Marketing is just a very frustrating long term educational effort with clueless clients. The other day I gave an estimate to a manufacturer for 20 images of their facilities.
Him-"how many do I get to pick from?". Me-"twenty". "No shit" he says "the other guy is going to shoot 700 (!) in half a day and let me pick 100". I say-"with all due respect, he doesn't know what he is doing. There are not anywhere close to 700 or even 100 good images of this building. He is talking snapshots. There are however about 20 good views that will show your facilities off really well and will make you website look really professional. It will take about a long day and the images will be perfect for your marketing purposes."
He picked the other guy.
lol!
please don't take it wrong it happens to all of us
I found a good way to address this. The sequence:
1. Acknowledge the fact "absolutely I can do that for you too and you pick the pictures you like
2. Define this approach "those are snapshots quick and easy and more profitable in the short term until I roughen my name"

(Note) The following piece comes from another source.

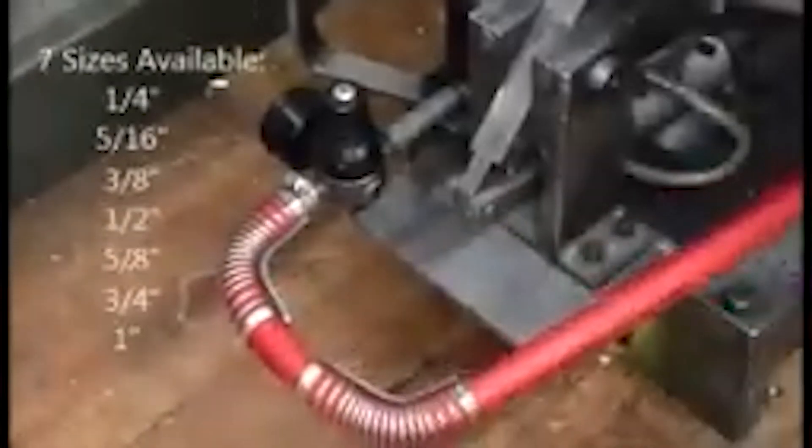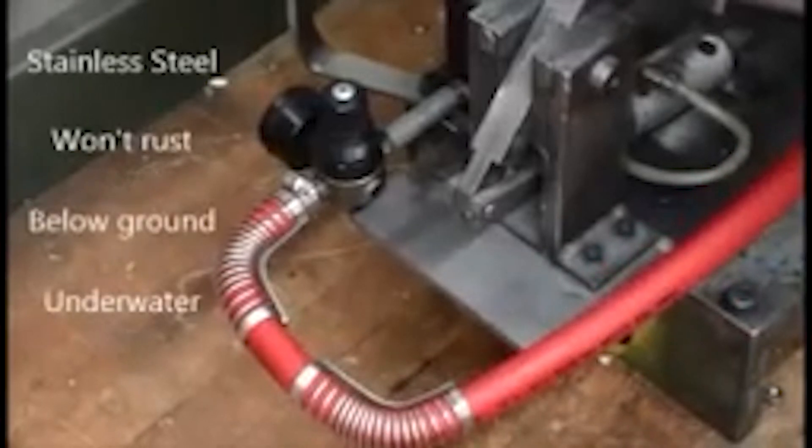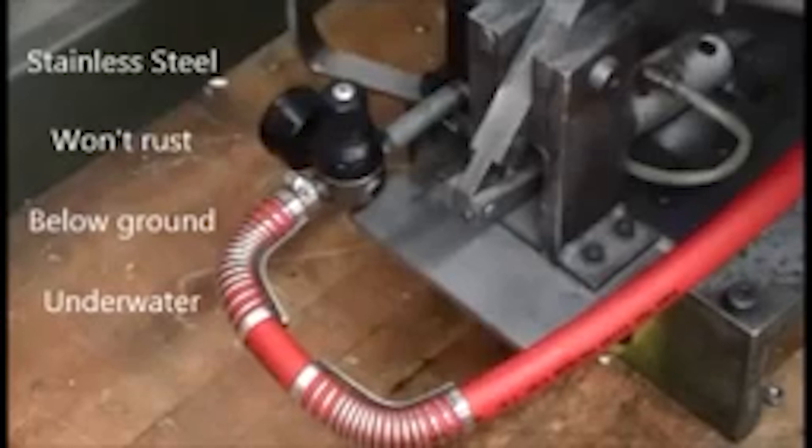It is available for seven different standard hose sizes from one quarter to one inch diameters. Completely made of stainless steel, unicoil will not rust and can be installed below ground or even under water.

3. Identify the weakness "quick snap shots come with no attention to detail and the space is never arranged or shot with the most ideal light/time of the day"
4. Show proof/samples "here is a space that was snapshot and a space that was rearranged and photographed professionally" Ashley has a wealth of those
5. Make a stance "so you see why now I don't do this kind of work it's not good for me in the long run and never good for the client, period"
The key to success is to be confident and give the client a sense that you would never weaver on your position but yet respect his decision whatever it is. It works most of the time from my experience.
Back to the main question, international hotels are really not a problem is this regard, they understand this and in fact require it. I am just looking wording to make it official in my pricing chart and to have it handy when a clueless local sales and marketing director objects.